I Magi videro la stella e la percepirono come un segno; avrebbero potuto adorarla come suggeriva la loro cultura e la loro formazione; invece capirono con l’aiuto della Grazia che era un segno e andarono a Gerusalemme per chiedere dove fosse nato il bambino. Gli fu risposto tramite la Parola di Dio:” a Betlemme di Giudea perché così è scritto”

La stella provoca una grandissima gioia ma rimane un segno; i magi vanno oltre il segno e trovano il bambino; vanno oltre il segno tramite la Parola di Dio; i segni non sono utili per il loro splendore, ma se interpretati alla luce della Parola di Dio.

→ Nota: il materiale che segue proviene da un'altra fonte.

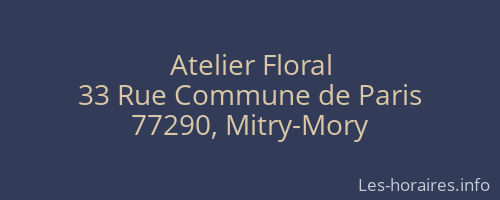 Atelier Floral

Vanno a Betlemme a vedere. Vedere che cosa? C’è una grande differenza tra lo splendore della stella e il piccolo bambino, in una semplice e avvilente capanna. Ecco dove entra la fede; credere in Dio davanti alle cose piccole, un bambino in una capanna, il seme gettato, Il lievito nella pasta, un granellino di senape.

L’Altro aspetto fondamentale della Festa della Epifania è la manifestazione di Cristo a tutte le genti.  Il capitolo 60 del profeta Isaia è veramente una luce che illumina i nostri passi verso la contemplazione del bambino nelle nostre vite.

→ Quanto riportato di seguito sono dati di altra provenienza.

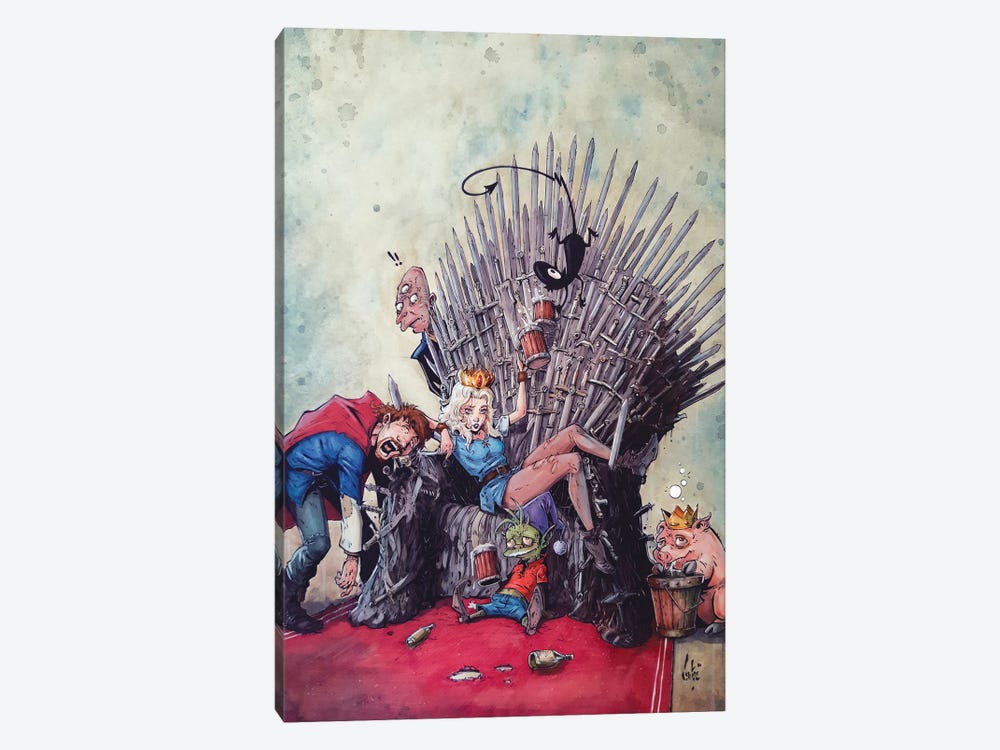 Disenchantment Game Of Thrones by Marcelo Ventura 1-piece Canvas Print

Gerusalemme risplende di una luce non sua, ma di una luce che è venuta su di lei; Isaia da un nome a questa luce, il Signore. Su Gerusalemme risplende non solo un luce, non solo la Gloria ma il Signore stesso.

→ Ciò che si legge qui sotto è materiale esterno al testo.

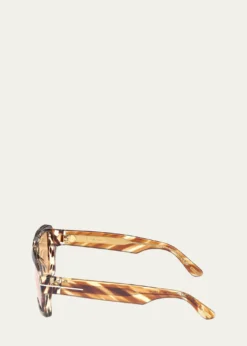 TOM FORDMen's FT1202M Acetate Rectangle Sunglasses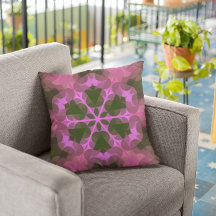 Retro Mandala Flor rosa y verde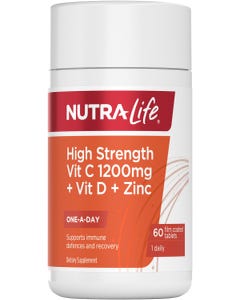 High Strength Vit C 1200mg + Vit D + Zinc - Health 2000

“I Popoli cammineranno alla tua luce e i re allo splendore che emana da te” Questa luce che è il Signore è l’unica luce che brilla nel mondo, che attira, che segna il cammino, di tutti i popoli e di tutti i capi, i re.

Isaia si rende subito conto che neanche Gerusalemme è consapevole di questo; il mondo non capisce che il Signore regna.  Allora come fa spesso Isaia lo fa  riflettere  con queste stupende parole: Gira intorno gli occhi e guarda, tutti costoro si sono radunati e vengono a te; figli vengono da lontano e figlie ti saranno portate in seno.”

Il nostro mondo, oggi lo vediamo bene, è invaso dalle genti; sono figli e figlie, non stranieri; sono figli e figlie non immigrati; sono figli e figlie che Gerusalemme, il nostro mondo non sapeva di avere.

“A quella vista tu risplenderai, sarà commosso e si rallegrerà il tuo cuore; perché si riverserà su di te la moltitudine delle genti del mare, e le schiere dei popoli verranno a te.”

 Il profeta ci sta dicendo che la presenza del Signore si manifesta sempre di più nella conpresenza di tutti i popoli; San Paolo si inventa il termine concorporei che è molto efficace; tutti i popoli sono un solo corpo.

Si parla in Isaia di genti del mare; cioè neanche il mare può più arrestare  questo flusso di popoli. Il mare come sappiamo ha fatto numerose vittime nel pellegrinaggio dei migranti, ma neanche il mare, che nella bibbia è sinonimo di male, di avversità, può fermare la volontà di Dio di unire il mondo in  una sola famiglia.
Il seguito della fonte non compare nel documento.